Copy every line from the one containing "Piece Swimsuit Med/Lrg" through the last line of the records below, both included, and nothing else.

Input ::
-- Opening Marker --

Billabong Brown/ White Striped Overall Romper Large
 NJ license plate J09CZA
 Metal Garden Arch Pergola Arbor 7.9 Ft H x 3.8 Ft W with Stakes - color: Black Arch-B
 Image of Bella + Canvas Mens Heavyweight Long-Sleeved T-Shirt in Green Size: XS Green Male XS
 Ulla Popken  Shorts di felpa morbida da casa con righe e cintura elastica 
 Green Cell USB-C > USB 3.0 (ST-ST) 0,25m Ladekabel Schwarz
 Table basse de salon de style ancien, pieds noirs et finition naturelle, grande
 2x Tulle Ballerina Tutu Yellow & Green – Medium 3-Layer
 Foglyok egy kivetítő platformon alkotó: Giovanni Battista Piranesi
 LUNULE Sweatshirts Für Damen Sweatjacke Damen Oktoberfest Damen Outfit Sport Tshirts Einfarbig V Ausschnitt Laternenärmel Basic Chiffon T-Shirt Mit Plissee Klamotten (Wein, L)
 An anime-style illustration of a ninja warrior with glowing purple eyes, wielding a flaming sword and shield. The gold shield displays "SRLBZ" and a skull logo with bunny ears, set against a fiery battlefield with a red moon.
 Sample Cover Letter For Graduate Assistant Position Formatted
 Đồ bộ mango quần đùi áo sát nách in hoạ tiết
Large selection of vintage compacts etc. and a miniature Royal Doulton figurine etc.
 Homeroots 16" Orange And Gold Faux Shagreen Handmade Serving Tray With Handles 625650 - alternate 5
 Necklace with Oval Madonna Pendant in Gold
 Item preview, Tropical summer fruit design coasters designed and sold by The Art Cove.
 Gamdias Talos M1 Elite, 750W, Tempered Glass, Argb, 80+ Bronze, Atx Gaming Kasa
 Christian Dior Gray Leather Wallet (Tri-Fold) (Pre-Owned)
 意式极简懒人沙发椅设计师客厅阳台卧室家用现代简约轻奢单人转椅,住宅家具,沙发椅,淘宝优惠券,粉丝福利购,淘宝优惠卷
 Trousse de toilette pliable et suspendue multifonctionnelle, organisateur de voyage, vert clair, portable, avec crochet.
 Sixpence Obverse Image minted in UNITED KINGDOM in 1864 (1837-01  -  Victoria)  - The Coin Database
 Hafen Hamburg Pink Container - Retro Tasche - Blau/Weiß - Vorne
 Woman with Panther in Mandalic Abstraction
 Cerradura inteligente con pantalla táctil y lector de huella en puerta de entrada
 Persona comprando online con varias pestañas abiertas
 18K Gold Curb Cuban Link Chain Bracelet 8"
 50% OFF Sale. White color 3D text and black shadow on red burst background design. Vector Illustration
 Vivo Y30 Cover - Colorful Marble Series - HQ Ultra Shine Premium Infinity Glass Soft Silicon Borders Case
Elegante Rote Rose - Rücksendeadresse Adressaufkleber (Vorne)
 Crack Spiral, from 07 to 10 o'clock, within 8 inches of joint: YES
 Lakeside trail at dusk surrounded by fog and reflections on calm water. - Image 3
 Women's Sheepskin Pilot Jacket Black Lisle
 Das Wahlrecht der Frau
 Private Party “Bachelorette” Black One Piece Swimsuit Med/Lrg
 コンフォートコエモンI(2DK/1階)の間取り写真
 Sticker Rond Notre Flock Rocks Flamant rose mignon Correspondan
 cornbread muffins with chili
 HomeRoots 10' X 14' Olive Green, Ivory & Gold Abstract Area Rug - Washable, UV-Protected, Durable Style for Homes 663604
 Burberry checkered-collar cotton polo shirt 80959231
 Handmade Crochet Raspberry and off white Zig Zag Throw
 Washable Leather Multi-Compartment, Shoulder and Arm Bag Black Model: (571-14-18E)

-- Closing Marker --

Task solution ::
 Private Party “Bachelorette” Black One Piece Swimsuit Med/Lrg
 コンフォートコエモンI(2DK/1階)の間取り写真
 Sticker Rond Notre Flock Rocks Flamant rose mignon Correspondan
 cornbread muffins with chili
 HomeRoots 10' X 14' Olive Green, Ivory & Gold Abstract Area Rug - Washable, UV-Protected, Durable Style for Homes 663604
 Burberry checkered-collar cotton polo shirt 80959231
 Handmade Crochet Raspberry and off white Zig Zag Throw
 Washable Leather Multi-Compartment, Shoulder and Arm Bag Black Model: (571-14-18E)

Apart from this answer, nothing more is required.